Jimmy Doherty’s Farming Heroes (Tuesday 9pm, BBC2)
I am getting a little bored of food shows that see a chef of choice setting off around the country to ooh and aah over great food - Rick Stein has been doing it well enough for so many years, do we really need more? Still, as Marco Pierre White galumphs around the country looking for the best of British food, Jimmy Doherty off of Jimmy’s Farm takes a different tack here and turns his attention to farming. And it works - as issues of food wastage and supply become our nation’s preoccupation, this is an eye opening foray into a world that few of us see when we look at the chicken on our plate. And Doherty is a genial guide, being as passionate about produce as supply and the farmers he encounters on his trip.
Private Practice (Tuesday 10pm, Living)
The Grey’s Anatomy spin-off receives its UK premiere on Living, and sees Kate Walsh take the character of Dr Addison Montgomery to a private surgery in Santa Monica. This doesn’t have the bite of Grey’s, but Walsh is a likeable enough actress to make the change in tone work, although the overt leaning towards light, dippy humour could become wearing as the series progresses.
Celebrity Masterchef (Wednesday 8pm, BBC1)
It’s semi-final time for the Celebrity Masterchef hopefuls, and now the pressure is on - as Gregg would have it, this competition JUST, GETS. TOUGHER!!!!!. And with having to cook for 600 beefy construction workers en masse, Gregg, for once, might not be letting hyperbole get the better of him.

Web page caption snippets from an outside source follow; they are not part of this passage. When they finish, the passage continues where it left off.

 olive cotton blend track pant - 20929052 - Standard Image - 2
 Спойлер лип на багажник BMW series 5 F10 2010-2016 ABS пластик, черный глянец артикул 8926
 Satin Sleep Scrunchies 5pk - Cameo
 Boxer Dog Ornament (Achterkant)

The Thirties in Colour (Wednesday 9pm, BBC4)
Fascinating opener of a four part documentary series that examines the changes in photographic techniques that exploded in the 1930s to allow film to be shot in colour for the very first time. This first instalment focuses on the sequences shot by the socialite Rosie Newman, who caught the very young princesses Elizabeth and Margaret playing together in their back garden - Newman was the future King’s next door neighbour at the time!

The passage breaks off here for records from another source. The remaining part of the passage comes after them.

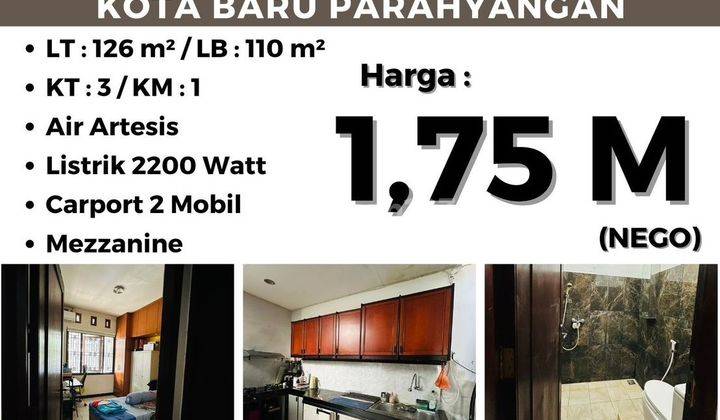 Rumah Murah Di Kota Baru Parahyangan Jual Cepat Rumah Kbp 2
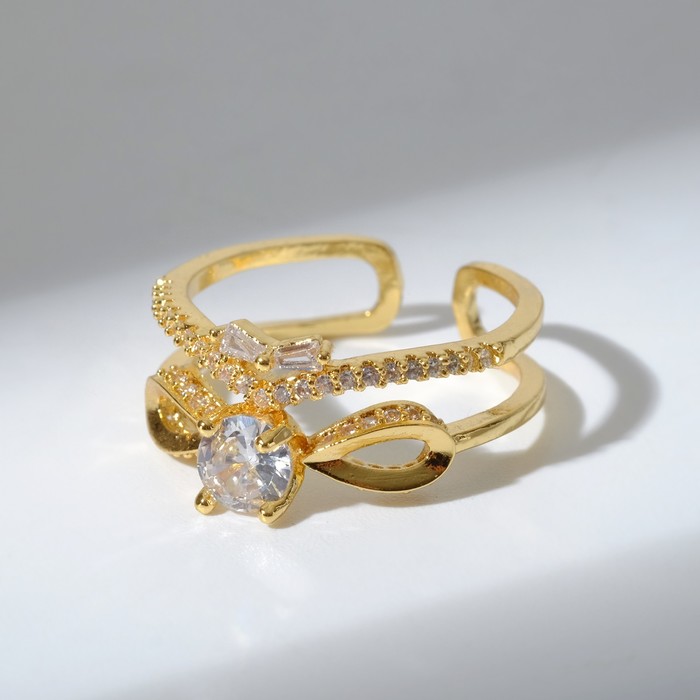 Кольцо "Бантик" с ленточкой, цвет белый в золоте, безразмерное
Кольцо "Бантик" с ленточкой, цвет белый в золоте, безразмерное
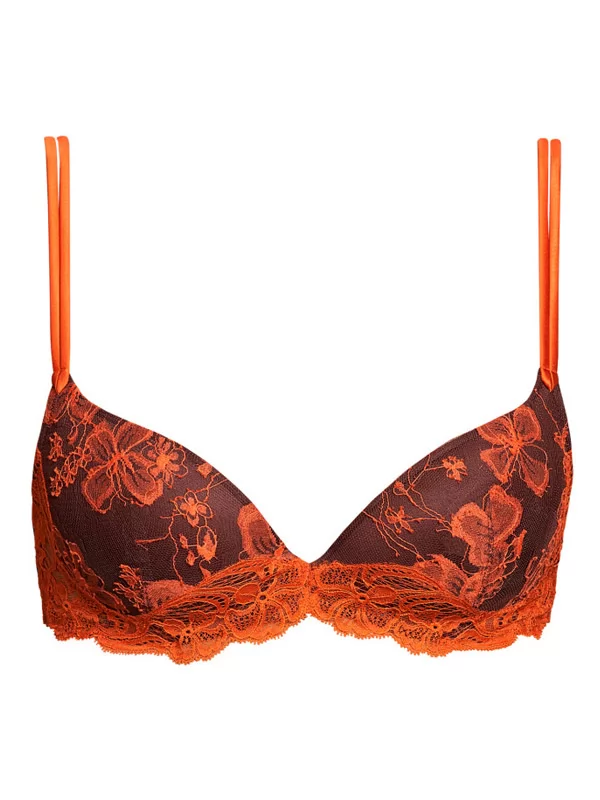 Brązowy, pomarańczowy Biustonosz Andres Sarda Jaguar 3309716 - zdjęcie 6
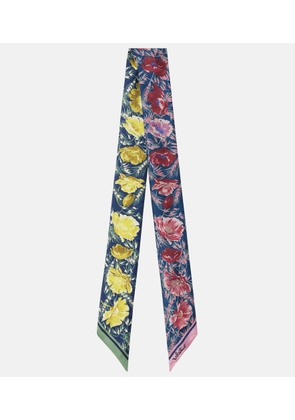 Valentino Printed silk twill scarf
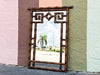 Handsome Faux Bamboo Greek Key Mirror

Harley Street (Thursday 9pm, ITV1)
ITV is still seeking a saviour in the drama stakes, following plucky entries from the likes of He Kills Coppers and The Fixer. Unfortunately for the share price, Harley Street is not going to be it, making The Palace look as if it was written by Marcel Proust. Paul Nicholls is Dr Robert Fielding, a good medic with a big heart, NHS lackey by night, swish Harley Street doc by day. Considering the hours he keeps, it’s amazing Fielding has the time to squeeze in as much sex as he does, let alone the energy - but he does. And that’s the thing with Harley Street, it’s all white coat and no knickers - and as we know from Hotel Babylon, that can work. Harley Street doesn’t because most of the characters are so unlikable that it is rendered bereft of charm. And like Julie Graham in Bonekickers, the usually likeable Suranne Jones is so miscast as Fielding’s plum-in-gob oppo in the Harley Street practice, it hurts. But with torturous dialogue like: “Can we make this quick, I have half an embassy to inoculate this morning.”, Harley Street might just find a place in my affections for some undemanding, slightly laughable fare for a Thursday night.
The Unseen Alistair Cook (Thursday 9pm, BBC4)
An enjoyable profile of the legendary broadcaster whose Letter From America kept us enthralled for decades.